Los comunicadores hábiles como Kirk, son los arquitectos de las falacias justificadoras. Y los arquitectos del relato, son cómplices de los crímenes que ese relato justifica.
La condena del asesinato de este ideólogo del trumpismo nos fuerza a revisar los límites de nuestro propio compromiso con valores fundamentales de la democracia -concebida de manera más amplia que un sistema puramente electoral-: como lo es el derecho a la libre expresión. Un derecho que, además, fundamenta una regla básica de la política democrática: discutiré contigo usando palabras, no balas.
Es cierto: aquí se presenta uno de los escollos que habitan en la distinción entre libertad de expresión y discurso de odio: la violencia política -o de cualquier otro tipo-, muchas veces ha sido incitada por las palabras.
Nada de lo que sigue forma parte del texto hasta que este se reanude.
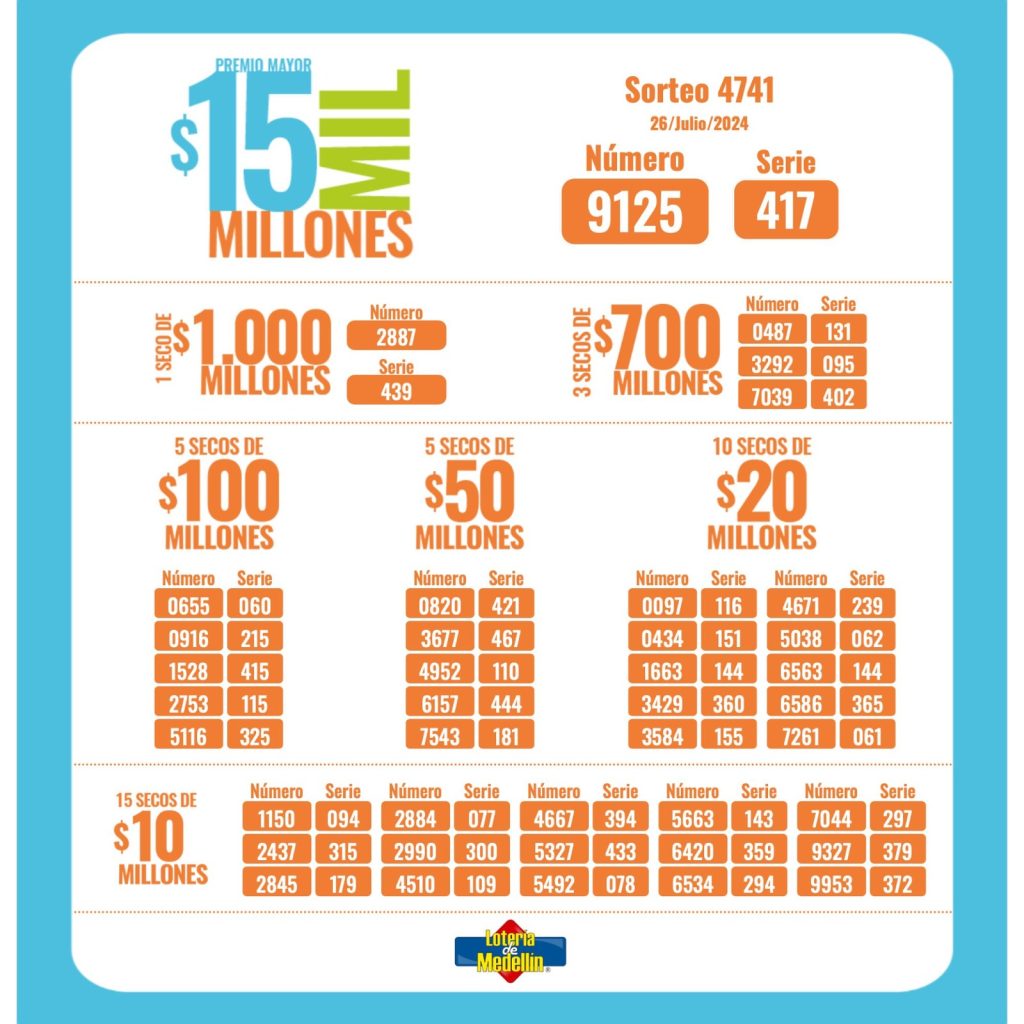 ¿Cayó el premio de la Lotería de Medellín? Resultado del viernes, 26 de julio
Las palabras mismas pueden ser el preámbulo de las balas, y es crucial identificar en qué momento van a convertirse unas en otras.
Sin embargo, y por más seductor que resulte, no podemos generalizar una equivalencia: las palabras y las balas están diferenciadas por un límite esencial, además de legal.
Es verdad que el lenguaje no sólo describe, sino que también actúa, como pensaba el filósofo J.L. Austin: “decir algo es hacer algo”. Pero sigue habiendo una distinción de tipo -aunque en ocasiones ambos puedan ser parte de un continuo- entre una frase hiriente y un balazo. Ese límite sustenta, incluso, a la democracia misma. O en términos más generales, a la política.
La crítica del personaje Charlie Kirk nos obliga, en cambio, a revisar cuáles son los límites que la derecha está cruzando al utilizar el discurso de odio. Así venga camuflado en categorías sofisticadas o explicitado en vulgaridades. Cuánto daño le hace a la misma democracia y libertades que esa derecha dice defender, y cómo podemos anticipar o protegernos de los estragos de ese discurso.
Una pedagogía al respecto se encuentra con un obstáculo pocas veces bien ponderado: mucha gente elige odiar.
Sectores e individuos lastimados por las promesas incumplidas del sistema político han adherido a lo largo de la historia a los líderes que saben encauzar tanta frustración contenida, hacia el odio, la criminalización o deshumanización de otros grupos.
Sensatas resultan las palabras de un compatriota de Kirk, el senador Bernie Sanders: “Una sociedad libre y democrática, que es lo que se supone que es América, depende de que la premisa básica de que la gente puede expresarse, organizarse y tomar parte de la vida pública sin miedo”.
Cuántos de esos valores han sido respetados por esa misma sociedad a lo largo del tiempo, es otra pregunta. Habría que preguntarle a Malcom X, Martin Luther King Jr., Bobby Kennedy y tantos otros. Como el mismo Lennon, al que Sanders menciona en su llamado para frenar la violencia política en Estados Unidos.
Cierro con una pregunta que considero fundamental: ¿hay alguna circunstancia donde se justifique que las izquierdas usen el lenguaje de odio?
Cada individuo tiene una subjetividad ingobernable, y no niego que la furia que produce la injusticia social es un motor revolucionario o reivindicativo, y legítimo.
Pero el odio es otra cosa. El odio es un paroxismo. Y poco tiene que ver con la dignidad si convierte sentido de justicia en deseo de venganza. Una venganza, para colmo, tantas veces arbitraria.
Esto se enuncia fácil, lo sé. Y no explica del todo a la criatura humana. Pero deberíamos aspirar a trazar una línea divisoria entre las luchas de la justicia y los crímenes del odio.
Así lo han decidido en México, en Argentina y en tantos otros países de Latinoamérica, los familiares de las víctimas de los regímenes represivos. Aunque la justicia está en deuda aún con ellos, jamás escogieron la venganza. Y han propugnado la idea de que los secuestradores o asesinos de sus hijas o hermanos, deben pasar por aquella justicia que le fue negada a las víctimas.
*Compositor, escritor y analista argentino-mexicano.